Если представить интуитивно, что мир, как горная порода или торт, состоит из эволюционных или онтологических слоёв, то мы имеем плотно прилегающие и сообщающиеся друг с другом глубинный физический слой, за ним химический и биологический. Интуиция подсказывает, что дальше появляются «исключения», так как следующий за ним «психический» слой не является таким же целостным, как предыдущие. Он состоит из отдельных как бы островков или вишенок на биологическом слое, не связанных друг с другом, так как психика животного или человека «приватна». А следующие за ним слои, как бы мы их ни именовали, социальные или культурные, логистические, языковые и т. д., лежат сверху на этих разрозненных бугорках-вишенках. Причём эти более высокие слои также «свисают» с этих бугорков-вишенок по краям и касаются биологического слоя. Неэлегантно! Некрасиво! Необязательно!
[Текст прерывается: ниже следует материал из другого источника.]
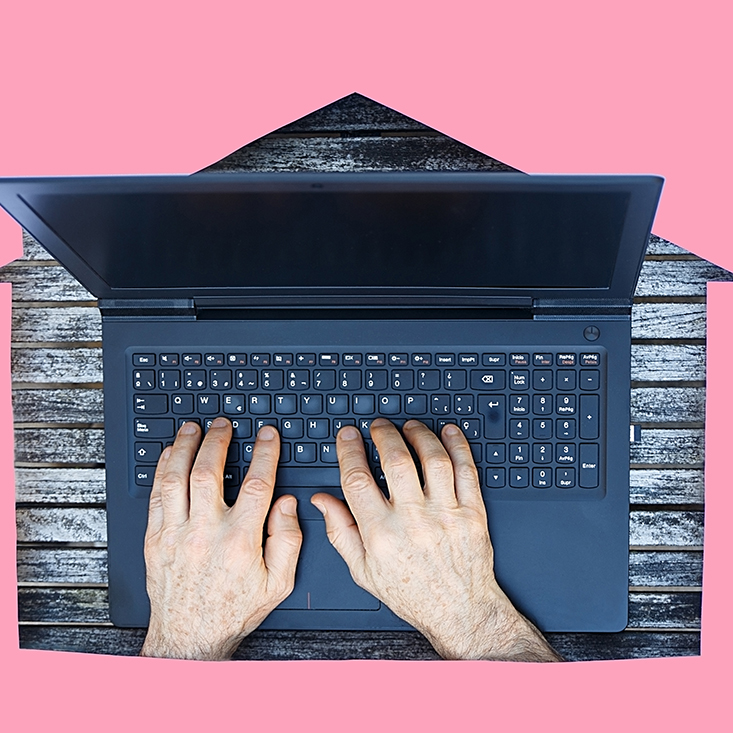 Photo of a person's hands typing on an open laptop. The image is inside a frame shaped like a house. This image accompanies a story about the pros and cons of computer-aided design.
Такая интуитивная модель, в которой имеет место приватность сознания, ставит неудобный вопрос – почему сознание составляет исключение и чем оно особенно. Почему все иные наблюдаемые нами эволюционные слои целостны и неприватны, а «психический уровень» состоит из каких-то непроницаемых сосудов – человеческих сознаний. И то, что для каждого человека очевидно, – его собственная психика приватна, – становится, пожалуй, сложнейшим вопросом для науки нашего времени.
Неудивительно, что и Маркс, и Витгенштейн по-коперникански поспешили убрать эти исключения, неудобные «вишенки сознания», из онтологического торта. Их картины мира целостны и не имеют никаких исключений вроде геоцентрической системы. Проблема, однако, от этого не исчезает, а только отдаляется. И мы видим, что вторая половина XX века и начало XXI века изобилуют всевозможными теориями сознания, которые пытаются вернуть «вишенки в торт», то есть сознание в общую онтологию. Но этот процесс, конечно же, невозможен в той одномерной плоской модели, которую предлагает монизм. И новые теории все чаще обращаются к старой проблеме – нематериальной природе сознания.
Коль скоро материалистическая природа сознания не вписывается в наши представления, учёные снова обращаются к отцу европейского рационализма Декарту и идее дуализма. Это позволяет говорить о проблеме сознания, добавляя к картине мира ещё одно измерение. Она перестает быть плоской, и возможно, что наши «вишенки» теперь существуют не между какими-то слоями, нарушая их целостность и плотность прилегания, а где-то сбоку, в нематериальных пространствах.
Идеи дуализма, не субстанционального, как это было у Картезия, а дуализма свойств, становятся всё более популярными. Об этом говорит на первом этапе своего творчества Дэвид Чалмерс, ставя знаменитую «трудную проблему сознания». Американец К. Льюис ещё в 1929 году предлагает термин «квалиа», который называет им самое простое, что для нас существует, но самое сложное в описании – внутреннюю сторону ощущений. Т. Нагель поддерживает эту идею своим аргументом «каково это?», утверждая, что мы не в состоянии заглянуть в чужую голову и невозможно, например, ощутить, «каково это быть летучей мышью». Он говорит о том, что информация бывает типа «то, что» и «то, как». Философ Ф. Джексон идёт ещё дальше и стремится показать своим мысленным экспериментом «комната Мэри», что информация может быть нефизической.